What is the number of lines in the following data that contain "Кроссовки"? Answer with the number alone.
Start of Block
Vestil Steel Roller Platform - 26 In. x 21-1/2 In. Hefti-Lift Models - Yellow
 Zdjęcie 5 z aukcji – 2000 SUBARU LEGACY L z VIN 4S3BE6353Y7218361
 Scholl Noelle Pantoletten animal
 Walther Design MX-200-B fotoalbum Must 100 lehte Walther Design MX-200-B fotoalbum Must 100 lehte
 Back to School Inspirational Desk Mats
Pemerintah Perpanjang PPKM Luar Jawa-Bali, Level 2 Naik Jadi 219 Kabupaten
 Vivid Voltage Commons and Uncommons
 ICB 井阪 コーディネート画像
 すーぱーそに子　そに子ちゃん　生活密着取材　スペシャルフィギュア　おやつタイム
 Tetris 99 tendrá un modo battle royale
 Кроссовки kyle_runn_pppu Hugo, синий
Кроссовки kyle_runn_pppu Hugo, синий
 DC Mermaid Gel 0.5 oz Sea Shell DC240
End of Block
== SOLUTION TO THIS EXERCISE ==
2